Are you an expert at something? That must be so, like, totally awesome. I couldn’t imagine being an expert.
I suppose you could say that I am an expert at being inexpert. If you want to see someone fall off a balance beam, I’m your man.
People find the most incredible things to become experts at. Sure, you’ve got your run-of-the-mill expertise — businessing, lawyering, doctoring, engineering, sciencing. These are what we call the “Big Five” in the expertise world.
Then you’ve got other types of expertise that are decidedly second-tier, but still very valuable: taxidermy, baseball trivia, fly fishing, car stereo installation, astrology, governance.
Below that come the really ridiculous expertises: Beetle taxonomy, geocaching, photography, biblical scholarship and the like.
But way down at the bottom, beneath such ridiculous expertises as tightrope-walking, archery, acting and geology — you find the comedians and the writers.
Think about it: these are people who believe there is a world out there that will actually pay you money for your effort to pluck original thoughts out of your brain that might elicit varying forms of amusement.
Somehow — utilizing an alchemic blend of knowledge, experience, and timing — the comedian/writer is meant to put food on his table.
Sure, a comedian is good for wearing witty obscure t-shirts or asking you to check out his butt tattoo. But if there’s a fire in the house and no firemen to come around — you’d still rather have a doctor or businessman nearby than a comedian. The comedian would be like: “Whoa, looks like you weren’t kidding when you said we’d be blazing today, bro!”
Then you’d be like: “Can you grab some water for that fire?”
And he’d be like: “Dude. It’s like that fire totally has cotton mouth.”
You might then say: “This isn’t funny. My dog’s running around with his tail on fire.”
“Yeah. I always knew your dog liked to get lit too.”
It’s a good thing Moses — and not some comic old beardy man — was around to see the Burning Bush when it happened. Moses was a good community organizer and legal theorist. He knew to take a Burning Bush seriously when one talked at you.
Me? I’d just be cracking wise about all the redheads I’ve gone to bed with.
So when a comedy show does actually become a haven for good writing and money-making, I find myself getting a bit sensitive. The Daily Show is a great example of a group of people who somehow are making “the funny” pay. They are a clan of moderate leftists trying to speak some truth to power. Their leader, a kindly old Jew, is flanked by a team comprised of some token white people, an Indian, some African-American gents, a quasi-Hispanic, a quasi-Asian…as far as satisfying the affirmative action policies of broadcast comedy, they are stacked.

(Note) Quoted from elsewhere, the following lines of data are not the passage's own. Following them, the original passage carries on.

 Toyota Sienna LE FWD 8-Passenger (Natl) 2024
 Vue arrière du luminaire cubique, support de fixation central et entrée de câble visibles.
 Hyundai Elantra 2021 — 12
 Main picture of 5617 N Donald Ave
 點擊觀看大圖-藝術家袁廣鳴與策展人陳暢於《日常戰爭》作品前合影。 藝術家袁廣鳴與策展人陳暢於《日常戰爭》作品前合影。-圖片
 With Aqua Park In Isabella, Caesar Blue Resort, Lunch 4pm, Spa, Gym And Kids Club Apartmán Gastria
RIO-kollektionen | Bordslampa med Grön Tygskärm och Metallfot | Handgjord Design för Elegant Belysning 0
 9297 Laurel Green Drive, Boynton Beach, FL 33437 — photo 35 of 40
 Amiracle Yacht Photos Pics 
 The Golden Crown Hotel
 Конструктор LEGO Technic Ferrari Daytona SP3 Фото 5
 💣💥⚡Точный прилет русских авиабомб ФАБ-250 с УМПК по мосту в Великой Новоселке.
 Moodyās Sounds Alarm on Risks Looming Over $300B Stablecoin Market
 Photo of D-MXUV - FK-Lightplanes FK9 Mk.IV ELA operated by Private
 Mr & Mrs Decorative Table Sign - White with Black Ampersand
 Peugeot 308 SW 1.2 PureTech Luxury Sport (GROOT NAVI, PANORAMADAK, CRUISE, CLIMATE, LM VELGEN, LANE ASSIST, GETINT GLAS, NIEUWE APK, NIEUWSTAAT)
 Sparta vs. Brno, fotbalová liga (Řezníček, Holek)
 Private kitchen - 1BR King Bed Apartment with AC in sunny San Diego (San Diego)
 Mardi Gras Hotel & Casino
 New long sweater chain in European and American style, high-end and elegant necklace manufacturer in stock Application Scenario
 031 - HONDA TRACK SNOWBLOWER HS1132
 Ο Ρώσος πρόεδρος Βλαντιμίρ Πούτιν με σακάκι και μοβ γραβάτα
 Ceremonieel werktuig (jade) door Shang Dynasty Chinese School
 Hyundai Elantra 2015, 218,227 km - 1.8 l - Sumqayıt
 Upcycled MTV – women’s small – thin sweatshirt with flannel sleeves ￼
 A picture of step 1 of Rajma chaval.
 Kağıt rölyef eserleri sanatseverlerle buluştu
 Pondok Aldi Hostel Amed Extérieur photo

…with one exception. They didn’t have an African-American woman permanently on the correspondent team until this year. Enter Jessica Wiliams — sweet, young, charming in mixed company, I’m sure.
But we are also watching her learn on the job. They are trying their darnedest to give her good segments, feature her, and get the crowd behind her — and here’s one Unibrow that hopes she finds that right note soon.
Because, as it stands right now, we are seeing what happens when focus groups point out to the Comedy Central executives: “Hey, where all the funny sistahs at?”
Jessica Williams, you have the same bland name as my first girlfriend. And, like I was about her, I’m worried about you too.
C’mon girl, loosen up and get stoopid with this once-in-a-lifetime opportunity.